Minister cautions that report on future of policing will take time to implement

GRA welcomes recommendation for body-worn cameras for gardaí

Kathleen O’Toole, chairwoman of the Commission on the Future of Policing in Ireland, at the commission’s report launch in Dublin on Tuesday. Photograph: Maxwell’s

Minister for Justice Charlie Flanagan has said the programme of reform recommended by the Commission on the Future of Policing in Ireland is challenging and will take time to implement.

The Minister said he welcomed the report published on Tuesday, which will require actions “across Government”.

Mr Flanagan said he and his officials will be discussing the implementation of the report with the Garda Commissioner and relevant government departments will be consulted with.

“Once that process is completed, I intend to seek the Government’s approval for a high-level implementation plan to take forward the report,” he said in a statement.


“In addition, I have requested my department, in consultation with the Department of the Taoiseach, to move quickly to put arrangements in place for the establishment of the Implementation Group for Policing Reform and Implementation Programme Office as recommended by the commission.”

The commission, which has considered policing at home and abroad for over a year, published more than 50 recommendations in its report which included a new approach to community policing, a new district policing model and the replacement of GSOC with a new independent complaints body.

The Garda Representative Association said it welcomed many of the findings and noted that the report states body-worn cameras should be rolled out to gardaí.

“As incidents last week in Dublin showed, the issue of independent verifiable evidence is critical when gardaí interact with the public in confrontational circumstances,” it said.

“In this regard, the GRA has been calling for body-worn cameras to protect our members for some time on the basis that they are the true record of any incident.”

Fianna Fáil’s justice spokesman Jim O’Callaghan TD said the focus must now be on ensuring that “this Government does not waste this crucial opportunity to achieve real reform of policing in this country”.

“The transformation of Ireland’s policing is too important an issue for this report to be put on the shelf with others before. Its implementation will require tangible action and the resources to deliver its many recommendations,” he said.

“We are currently in the midst of Budget 2019 negotiations and a key priority for Fianna Fáil will be ensuring that provision is made to ensure the initial steps towards implementation of the report recommendations can begin.”

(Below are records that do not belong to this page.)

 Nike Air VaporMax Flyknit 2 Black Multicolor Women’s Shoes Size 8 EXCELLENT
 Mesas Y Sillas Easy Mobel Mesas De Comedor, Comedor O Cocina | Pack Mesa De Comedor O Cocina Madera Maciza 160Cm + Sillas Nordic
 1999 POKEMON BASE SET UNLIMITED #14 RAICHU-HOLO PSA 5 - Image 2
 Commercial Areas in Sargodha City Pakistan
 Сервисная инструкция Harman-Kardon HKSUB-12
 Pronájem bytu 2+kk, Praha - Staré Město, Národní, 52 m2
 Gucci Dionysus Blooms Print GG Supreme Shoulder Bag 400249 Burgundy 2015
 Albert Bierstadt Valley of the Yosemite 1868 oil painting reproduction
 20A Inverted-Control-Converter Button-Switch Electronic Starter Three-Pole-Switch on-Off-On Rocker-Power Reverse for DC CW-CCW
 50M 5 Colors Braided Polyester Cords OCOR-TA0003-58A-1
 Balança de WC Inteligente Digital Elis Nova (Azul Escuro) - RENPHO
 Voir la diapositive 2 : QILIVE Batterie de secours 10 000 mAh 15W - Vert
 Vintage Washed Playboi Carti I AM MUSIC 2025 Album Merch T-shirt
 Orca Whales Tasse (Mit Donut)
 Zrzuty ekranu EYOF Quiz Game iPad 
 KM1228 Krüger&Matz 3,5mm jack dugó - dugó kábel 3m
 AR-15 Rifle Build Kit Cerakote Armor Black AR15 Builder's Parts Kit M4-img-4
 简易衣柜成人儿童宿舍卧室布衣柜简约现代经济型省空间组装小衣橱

Labour’s justice spokesperson Sean Sherlock TD said the Minister must now commit to “fast-track” the measures.

“It will take some time to digest the full report and its implications, but an implementation strategy is now needed.

“The Minister wants time to consult with other government departments and agencies, and has said it will take three months before there is an implementation plan. That isn’t good enough, and it must be moved on more quickly,” he said.

“It’s time to draw a line under years of controversy and transform our policing service so that it is focused on serving communities across Ireland.”

Liam Herrick, executive director of the Irish Council for Civil Liberties (ICCL) said the emphasis on human rights in the commission’s report marks “a sea change in how we understand policing in Ireland”.

“We look forward to seeing the implementation of a human rights-based approach at all levels of Irish policing, including by the creation of an internal Garda Human Rights Unit with responsibility for overseeing all areas of policing, and the appointment of independent human rights advisers to all oversight bodies,” he said.